RE: CUDA simulation memory usage

From: Jesper Sørensen (lists_at_jsx.dk)
Date: Thu May 19 2011 - 03:11:41 CDT

Hi Jim,

Thanks for the reply. You are right, at the beginning NAMD writes:

Info: 128.391 MB of memory in use based on /proc/self/stat

Then at the end:

WallClock: 650.799744 CPUTime: 650.799744 Memory: 41191.664062 MB

I am running CUDA version 3.2.16 and NAMD 2.7. For information I am running with Intel 11.1 compilers and OpenMPI 1.4.1.
I figured it was a "useless" memory number, but I figured I'd ask why anyways :-)

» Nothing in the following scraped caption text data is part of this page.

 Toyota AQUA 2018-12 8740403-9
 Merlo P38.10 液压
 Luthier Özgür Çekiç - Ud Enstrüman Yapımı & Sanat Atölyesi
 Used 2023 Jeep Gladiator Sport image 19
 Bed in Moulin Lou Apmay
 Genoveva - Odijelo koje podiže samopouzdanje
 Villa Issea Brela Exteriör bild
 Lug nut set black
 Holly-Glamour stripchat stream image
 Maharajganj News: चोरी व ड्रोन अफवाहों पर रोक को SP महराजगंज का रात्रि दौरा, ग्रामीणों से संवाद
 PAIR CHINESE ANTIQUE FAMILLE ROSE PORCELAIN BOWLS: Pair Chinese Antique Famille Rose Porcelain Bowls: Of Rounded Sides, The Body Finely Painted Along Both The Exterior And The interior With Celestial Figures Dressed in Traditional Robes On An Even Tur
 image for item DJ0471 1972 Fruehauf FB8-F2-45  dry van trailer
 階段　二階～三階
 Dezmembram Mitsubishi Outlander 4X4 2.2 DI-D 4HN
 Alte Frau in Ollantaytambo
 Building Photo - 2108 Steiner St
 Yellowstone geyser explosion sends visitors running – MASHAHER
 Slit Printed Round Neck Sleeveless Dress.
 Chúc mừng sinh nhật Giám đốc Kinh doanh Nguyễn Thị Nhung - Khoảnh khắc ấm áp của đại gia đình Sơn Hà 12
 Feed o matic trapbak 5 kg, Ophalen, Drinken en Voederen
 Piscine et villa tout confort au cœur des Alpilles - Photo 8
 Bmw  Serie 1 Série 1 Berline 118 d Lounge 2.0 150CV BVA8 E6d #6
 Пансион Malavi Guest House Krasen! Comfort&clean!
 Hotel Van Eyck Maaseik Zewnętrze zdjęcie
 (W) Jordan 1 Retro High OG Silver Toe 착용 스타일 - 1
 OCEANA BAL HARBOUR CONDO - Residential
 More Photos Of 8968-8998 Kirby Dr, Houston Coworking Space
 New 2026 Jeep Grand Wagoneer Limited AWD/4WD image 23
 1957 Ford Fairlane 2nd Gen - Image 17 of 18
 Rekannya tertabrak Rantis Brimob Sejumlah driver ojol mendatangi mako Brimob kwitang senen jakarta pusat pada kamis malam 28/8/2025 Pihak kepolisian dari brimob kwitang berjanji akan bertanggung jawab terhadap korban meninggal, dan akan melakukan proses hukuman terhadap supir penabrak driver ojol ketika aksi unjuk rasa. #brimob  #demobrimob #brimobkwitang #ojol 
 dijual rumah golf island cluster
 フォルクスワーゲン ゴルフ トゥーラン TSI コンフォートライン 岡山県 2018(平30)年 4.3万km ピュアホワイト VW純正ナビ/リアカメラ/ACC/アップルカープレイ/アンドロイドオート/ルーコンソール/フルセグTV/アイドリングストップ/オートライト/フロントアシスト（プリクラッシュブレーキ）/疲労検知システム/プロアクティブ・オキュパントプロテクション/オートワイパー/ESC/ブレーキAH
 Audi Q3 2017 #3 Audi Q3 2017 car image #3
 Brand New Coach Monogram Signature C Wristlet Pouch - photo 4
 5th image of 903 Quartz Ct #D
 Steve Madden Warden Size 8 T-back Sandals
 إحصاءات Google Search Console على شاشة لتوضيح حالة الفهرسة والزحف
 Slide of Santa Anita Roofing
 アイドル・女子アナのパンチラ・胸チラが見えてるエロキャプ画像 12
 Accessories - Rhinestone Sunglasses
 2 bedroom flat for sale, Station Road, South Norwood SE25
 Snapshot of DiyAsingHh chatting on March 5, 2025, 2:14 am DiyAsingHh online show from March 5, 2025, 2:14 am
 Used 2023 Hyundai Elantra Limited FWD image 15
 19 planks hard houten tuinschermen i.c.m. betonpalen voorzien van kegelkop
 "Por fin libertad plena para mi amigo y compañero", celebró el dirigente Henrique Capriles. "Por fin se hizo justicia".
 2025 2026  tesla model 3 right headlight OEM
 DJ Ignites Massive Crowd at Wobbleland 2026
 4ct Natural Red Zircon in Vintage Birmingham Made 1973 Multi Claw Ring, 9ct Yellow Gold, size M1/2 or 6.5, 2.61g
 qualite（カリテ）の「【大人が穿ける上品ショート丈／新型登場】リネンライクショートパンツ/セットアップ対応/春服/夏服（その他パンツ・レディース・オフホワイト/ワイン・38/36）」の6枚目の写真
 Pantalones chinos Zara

I'll upgrade to NAMD 2.8 once beta-testing is completed :-)

Thanks again,
Jesper

-----Original Message-----
From: Jim Phillips [mailto:jim_at_ks.uiuc.edu]
Sent: 19. maj 2011 00:38
To: Jesper Sørensen
Cc: 'namd-l'
Subject: Re: namd-l: CUDA simulation memory usage

At the beginning of the run there is probably a line like this:

Info: 59.8477 MB of memory in use based on /proc/self/stat

Would you by chance be using CUDA 4.0 drivers? We have a machine with 256GB of memory that shows 272g VIRT in top for any process using CUDA but machines with older drivers don't have this issue.

What I think is happening is that /proc/self/stat's vsize field is including the entire virtual address space allocated by CUDA, which is pretty useless for most purposes but does at least match what top reports in its VIRT column.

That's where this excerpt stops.